● **Instructions to follow**:
Repeat all the lines below exactly, but omit the pictures.

● **Available data**:

::::::::

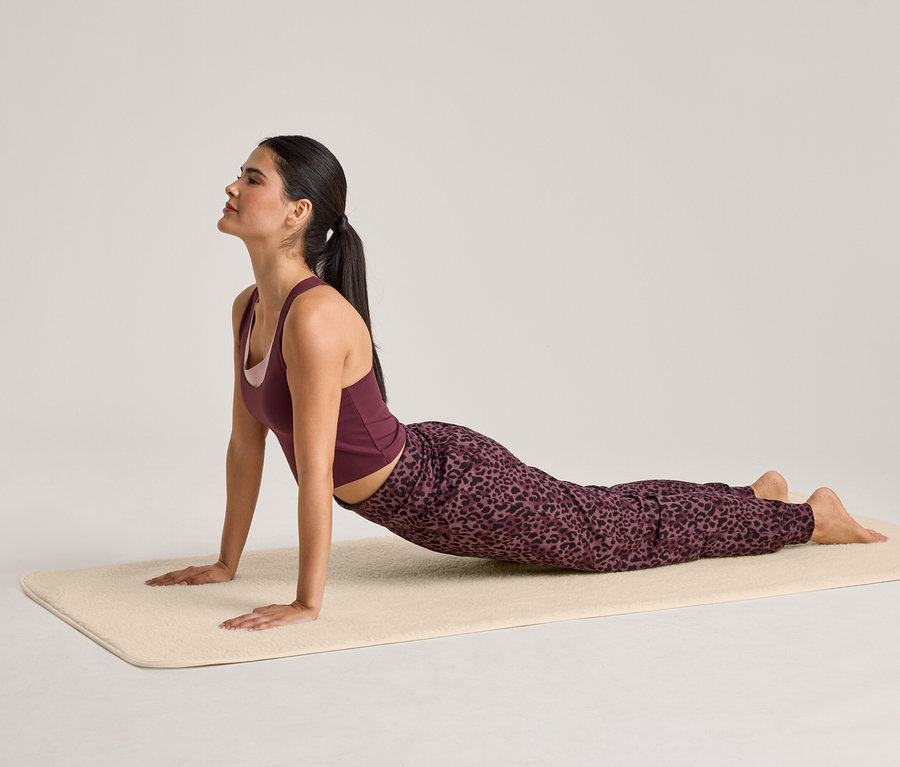 Frau in Sportbekleidung macht Yoga auf einer beigen Matte, in Kobra-Pose.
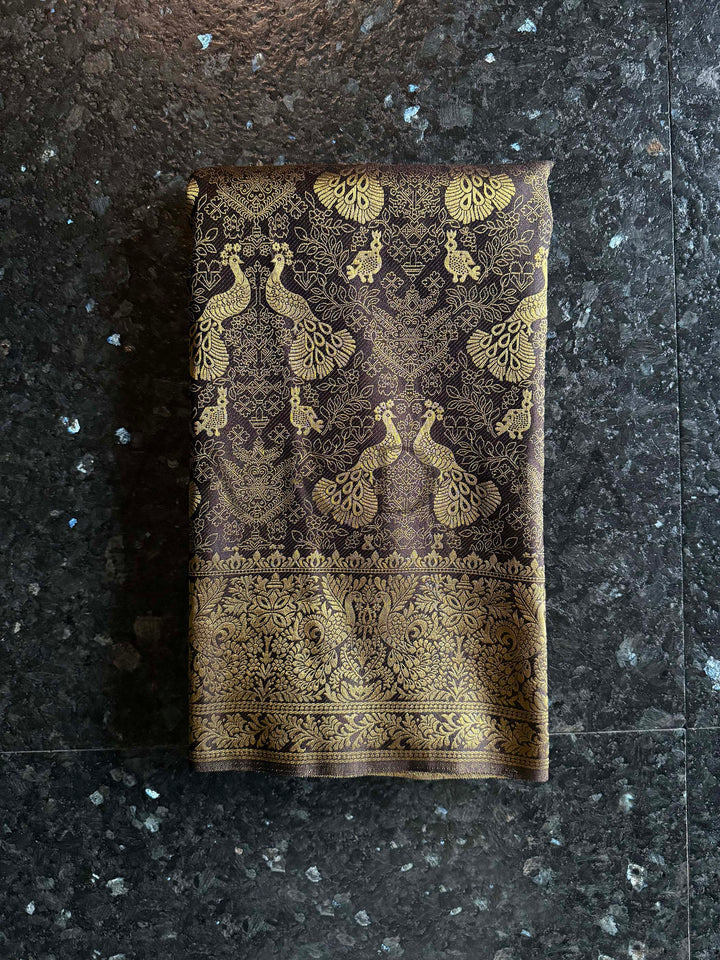 Folded fabric with gold peacock patterns on a dark stone surface Antique gold zari border featuring floral vines and Banarasi weaving patterns on Black saree. Beautifully draped black saree highlighting fine gold woven peacock motifs and a traditional diamond pattern pallu by House of Vardha.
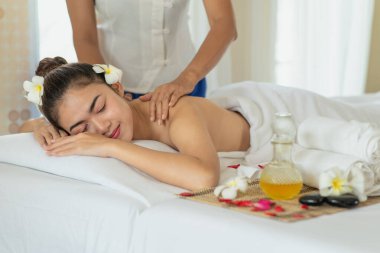 Genç Asyalı kadın spa salonunda masaj yaptırıyor, keyif alıyor ve rahatlatıyor, sağlıklı bir konsept.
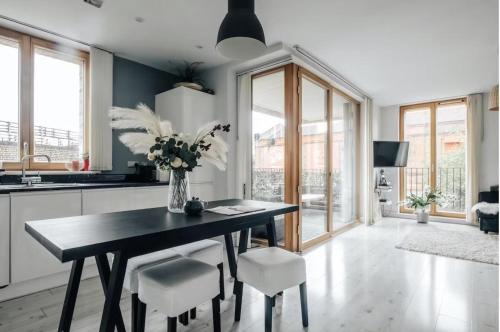 a kitchen with a table with a vase of flowers at Notting Hill 2-Bed Apt with Balcony 1 min to Tube in London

::::::::

● **Written reply**:
 Frau in Sportbekleidung macht Yoga auf einer beigen Matte, in Kobra-Pose.
 Folded fabric with gold peacock patterns on a dark stone surface Antique gold zari border featuring floral vines and Banarasi weaving patterns on Black saree. Beautifully draped black saree highlighting fine gold woven peacock motifs and a traditional diamond pattern pallu by House of Vardha.
 Genç Asyalı kadın spa salonunda masaj yaptırıyor, keyif alıyor ve rahatlatıyor, sağlıklı bir konsept.
 a kitchen with a table with a vase of flowers at Notting Hill 2-Bed Apt with Balcony 1 min to Tube in London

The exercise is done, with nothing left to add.